■ Records to process
+++
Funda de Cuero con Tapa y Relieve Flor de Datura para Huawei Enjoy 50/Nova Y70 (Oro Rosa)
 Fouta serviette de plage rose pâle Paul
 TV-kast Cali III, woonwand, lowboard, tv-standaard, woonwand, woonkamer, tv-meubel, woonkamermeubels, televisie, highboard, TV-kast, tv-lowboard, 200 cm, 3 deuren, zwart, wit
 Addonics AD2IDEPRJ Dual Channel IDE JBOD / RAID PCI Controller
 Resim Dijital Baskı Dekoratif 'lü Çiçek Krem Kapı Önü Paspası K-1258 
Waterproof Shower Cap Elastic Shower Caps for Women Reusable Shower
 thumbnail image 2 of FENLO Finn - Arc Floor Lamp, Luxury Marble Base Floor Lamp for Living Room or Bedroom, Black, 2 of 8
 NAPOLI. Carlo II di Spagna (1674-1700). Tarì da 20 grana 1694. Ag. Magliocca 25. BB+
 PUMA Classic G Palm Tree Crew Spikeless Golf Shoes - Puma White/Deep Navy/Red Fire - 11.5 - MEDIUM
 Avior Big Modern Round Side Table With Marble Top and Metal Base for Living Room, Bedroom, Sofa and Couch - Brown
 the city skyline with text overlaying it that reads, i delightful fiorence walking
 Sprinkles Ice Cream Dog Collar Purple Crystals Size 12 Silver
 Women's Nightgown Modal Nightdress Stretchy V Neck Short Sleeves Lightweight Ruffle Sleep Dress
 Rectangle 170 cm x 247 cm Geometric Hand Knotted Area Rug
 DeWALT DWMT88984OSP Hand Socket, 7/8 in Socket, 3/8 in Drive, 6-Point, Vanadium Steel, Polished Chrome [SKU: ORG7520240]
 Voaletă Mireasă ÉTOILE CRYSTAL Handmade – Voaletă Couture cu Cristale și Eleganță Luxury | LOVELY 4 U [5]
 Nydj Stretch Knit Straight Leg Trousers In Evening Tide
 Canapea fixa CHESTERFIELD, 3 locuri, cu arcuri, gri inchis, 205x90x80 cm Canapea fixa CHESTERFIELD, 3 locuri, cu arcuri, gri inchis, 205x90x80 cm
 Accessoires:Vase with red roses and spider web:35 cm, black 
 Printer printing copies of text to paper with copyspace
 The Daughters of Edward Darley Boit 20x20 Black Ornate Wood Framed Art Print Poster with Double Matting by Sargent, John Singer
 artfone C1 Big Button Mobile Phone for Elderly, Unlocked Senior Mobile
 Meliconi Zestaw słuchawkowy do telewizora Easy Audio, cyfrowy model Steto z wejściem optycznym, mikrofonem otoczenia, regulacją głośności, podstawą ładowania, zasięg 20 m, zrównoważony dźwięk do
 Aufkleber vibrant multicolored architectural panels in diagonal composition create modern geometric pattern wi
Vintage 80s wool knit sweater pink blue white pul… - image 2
+++
■ Exercise details
Retype the listing in full, keeping every word as it appears.

■ Response to the exercise
Funda de Cuero con Tapa y Relieve Flor de Datura para Huawei Enjoy 50/Nova Y70 (Oro Rosa)
 Fouta serviette de plage rose pâle Paul
 TV-kast Cali III, woonwand, lowboard, tv-standaard, woonwand, woonkamer, tv-meubel, woonkamermeubels, televisie, highboard, TV-kast, tv-lowboard, 200 cm, 3 deuren, zwart, wit
 Addonics AD2IDEPRJ Dual Channel IDE JBOD / RAID PCI Controller
 Resim Dijital Baskı Dekoratif 'lü Çiçek Krem Kapı Önü Paspası K-1258 
Waterproof Shower Cap Elastic Shower Caps for Women Reusable Shower
 thumbnail image 2 of FENLO Finn - Arc Floor Lamp, Luxury Marble Base Floor Lamp for Living Room or Bedroom, Black, 2 of 8
 NAPOLI. Carlo II di Spagna (1674-1700). Tarì da 20 grana 1694. Ag. Magliocca 25. BB+
 PUMA Classic G Palm Tree Crew Spikeless Golf Shoes - Puma White/Deep Navy/Red Fire - 11.5 - MEDIUM
 Avior Big Modern Round Side Table With Marble Top and Metal Base for Living Room, Bedroom, Sofa and Couch - Brown
 the city skyline with text overlaying it that reads, i delightful fiorence walking
 Sprinkles Ice Cream Dog Collar Purple Crystals Size 12 Silver
 Women's Nightgown Modal Nightdress Stretchy V Neck Short Sleeves Lightweight Ruffle Sleep Dress
 Rectangle 170 cm x 247 cm Geometric Hand Knotted Area Rug
 DeWALT DWMT88984OSP Hand Socket, 7/8 in Socket, 3/8 in Drive, 6-Point, Vanadium Steel, Polished Chrome [SKU: ORG7520240]
 Voaletă Mireasă ÉTOILE CRYSTAL Handmade – Voaletă Couture cu Cristale și Eleganță Luxury | LOVELY 4 U [5]
 Nydj Stretch Knit Straight Leg Trousers In Evening Tide
 Canapea fixa CHESTERFIELD, 3 locuri, cu arcuri, gri inchis, 205x90x80 cm Canapea fixa CHESTERFIELD, 3 locuri, cu arcuri, gri inchis, 205x90x80 cm
 Accessoires:Vase with red roses and spider web:35 cm, black 
 Printer printing copies of text to paper with copyspace
 The Daughters of Edward Darley Boit 20x20 Black Ornate Wood Framed Art Print Poster with Double Matting by Sargent, John Singer
 artfone C1 Big Button Mobile Phone for Elderly, Unlocked Senior Mobile
 Meliconi Zestaw słuchawkowy do telewizora Easy Audio, cyfrowy model Steto z wejściem optycznym, mikrofonem otoczenia, regulacją głośności, podstawą ładowania, zasięg 20 m, zrównoważony dźwięk do
 Aufkleber vibrant multicolored architectural panels in diagonal composition create modern geometric pattern wi
Vintage 80s wool knit sweater pink blue white pul… - image 2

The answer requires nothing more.